Fiscal Decentralisation in Cambodia: A Review of Progress and Challenges
Khmer PDF (10)
Abstract/Summary
To achieve democratic development, Cambodia’s next step towards
fiscal decentralisation will focus on both institutional and service delivery
reform at district level so as to strengthen the capacity of the sub-national
administration and better link it to sectoral service delivery. To move
forwards, fiscal decentralisation needs to be comprehensive and well
coordinated with other cross-cutting reforms, especially the Public Financial
Management Reform Programme, and sectoral reforms. This does not mean that
everything has to be done at the same time, for doing so would overwhelm existing
capacity and go against the more gradual ‘learning by doing’ philosophy of
Cambodia’s decentralisation. Being comprehensive entails setting out the longer
term vision, anticipating the kinds of challenges that lie ahead and planning
realistic and flexible sequencing strategies.
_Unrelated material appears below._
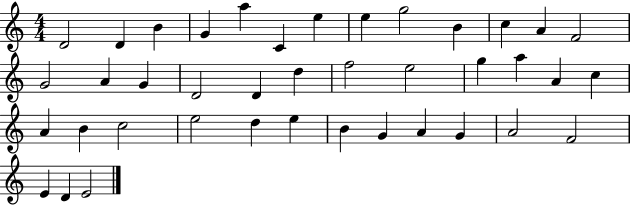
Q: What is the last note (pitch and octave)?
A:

Linking decentralisation to sectoral policy is particularly challenging – especially given the current centralised patronage-based process associated with sectoral service delivery and state budget management. The challenges are compounded by the parallel fragmented nature of donor support through numerous vertical projects. Overcoming them requires that fiscal decentralisation in the future should not be seen as mostly initiated and driven by the Ministry of the Interior, but rather by the sectors themselves. That donors be involved and supportive of decentralisation is no less important.
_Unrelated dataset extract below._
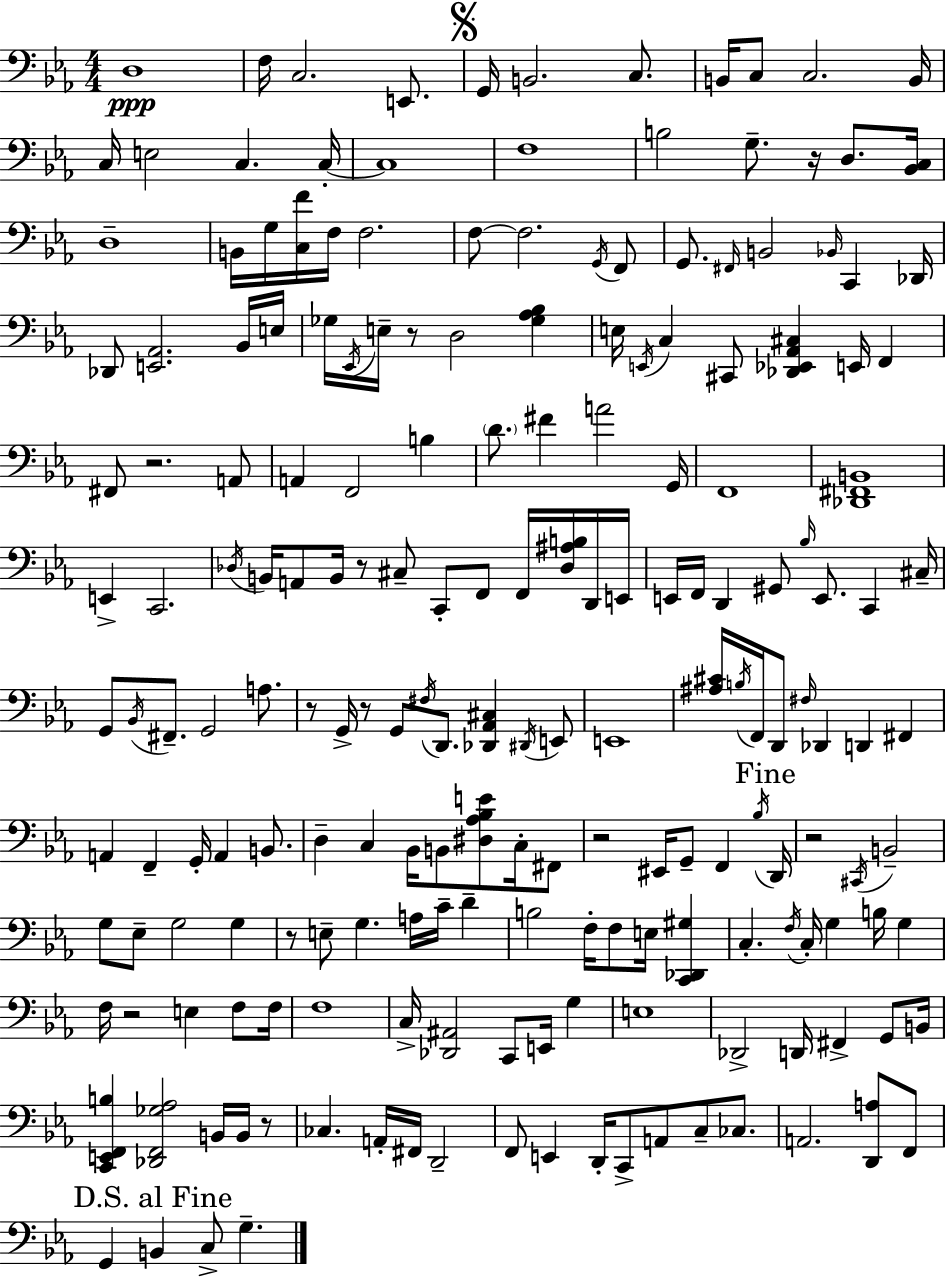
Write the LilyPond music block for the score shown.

There are reasons for both optimism and pessimism about the next
step of fiscal decentralisation under the Organic Law. On the one hand,
successful experience with communes since 2002 engenders the strong hope that
the government will again prove its adaptability and successfully navigate the
reform. On the other hand, commune reform has barely touched on the kinds of
tasks expected in the next step, namely functional assignment, revenue
assignment, and more systematic inter-governmental transfer. Some basic
components and tasks, including functional and revenue assignment, were hardly
implemented under the commune reform. Starting on these tasks will definitely
run into resistance from central agencies, a test that will prove how committed
the government is to fiscal decentralisation.